1 of 1 people found this helpful
We normally add Cisco IP SLA source routers to NPM first to ensure they can be monitored. Then we either use IP SLA Manager discovery to add them to IP SLA Manager node list or we add them manaually. If you cannot monitor the Cisco IP SLA source routers using NPM then you can try temporarily turning off Windows Firewall. If Windows firewall is blocking traffic you will have to add rules to allow ICMP and SNMP responses. If you do not wan to using NPM then you can RDP to NPM host and try to ping Cisco IP SLA source routers. You can also use SNMP tools like those found at http://www.elifulkerson.com/articles/net-snmp-windows-binary-unofficial.php.
I´ve found that the issue was the Symantec Endpoint protection blocking SNMP ports on the workstation.
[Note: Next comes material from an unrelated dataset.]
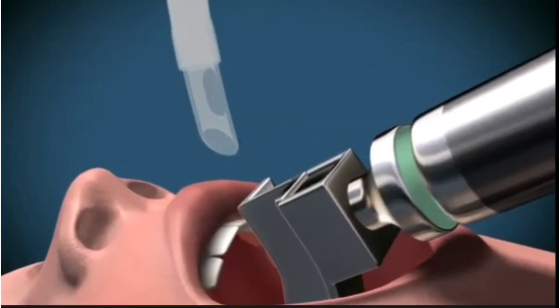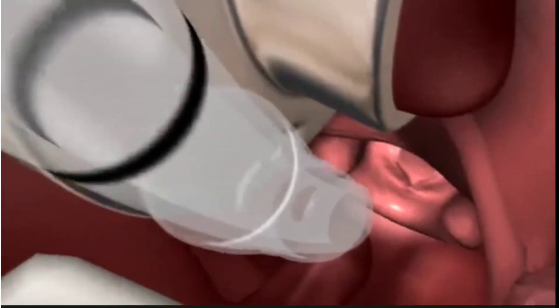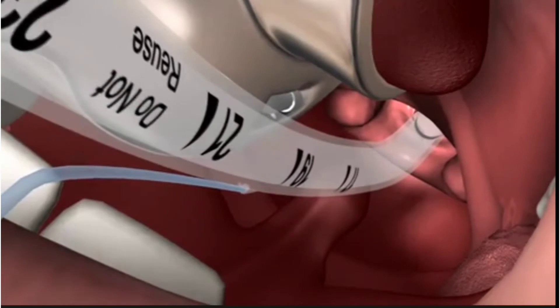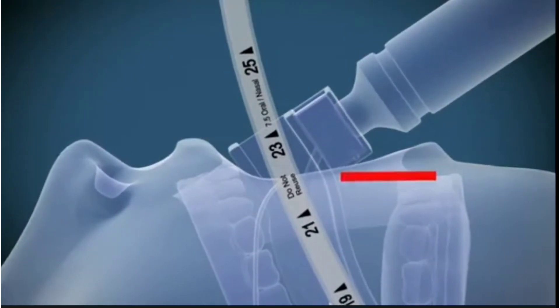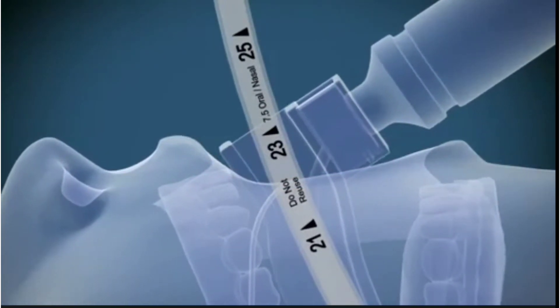With the right hand, insert the endotracheal tube from the right hand side of the mouth, directly between the cords and into the trachea until the cuff passes through the cords. The markings on the tube at the incisors will show between 21 and 24 centimetres in the average size adult when the tube is in position.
Thanks in advance for the support!
For some of the operation types as well you may need both a read/write string, or CLI credentials in order for IPSLA to be able to get the information. If you are not seeing the nodes, though, make sure you have added the nodes into NPM to be monitored, then go into the IPSLA settings, or in the newer version the VoIP and Network Quality Manager Settings, and under IP SLA Management under Manage IP SLA Nodes try both the Automatically Discover IP SLA Capable Nodes and Manually Add Nodes.... This will allow you to add the nodes in order to monitor the operations you have added to them.